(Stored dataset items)

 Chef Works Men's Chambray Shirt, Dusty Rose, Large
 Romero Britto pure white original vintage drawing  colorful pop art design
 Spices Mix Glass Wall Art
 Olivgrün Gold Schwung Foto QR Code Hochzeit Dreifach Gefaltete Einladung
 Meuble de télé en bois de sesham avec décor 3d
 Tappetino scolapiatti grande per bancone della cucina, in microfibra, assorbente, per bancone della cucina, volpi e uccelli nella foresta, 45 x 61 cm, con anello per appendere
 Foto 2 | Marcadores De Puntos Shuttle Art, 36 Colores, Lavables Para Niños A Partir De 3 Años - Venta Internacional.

◆ **What the task asks**
Your reply should be all of the data, returned exactly.

◆ **Completed task**
 Chef Works Men's Chambray Shirt, Dusty Rose, Large
 Romero Britto pure white original vintage drawing  colorful pop art design
 Spices Mix Glass Wall Art
 Olivgrün Gold Schwung Foto QR Code Hochzeit Dreifach Gefaltete Einladung
 Meuble de télé en bois de sesham avec décor 3d
 Tappetino scolapiatti grande per bancone della cucina, in microfibra, assorbente, per bancone della cucina, volpi e uccelli nella foresta, 45 x 61 cm, con anello per appendere
 Foto 2 | Marcadores De Puntos Shuttle Art, 36 Colores, Lavables Para Niños A Partir De 3 Años - Venta Internacional.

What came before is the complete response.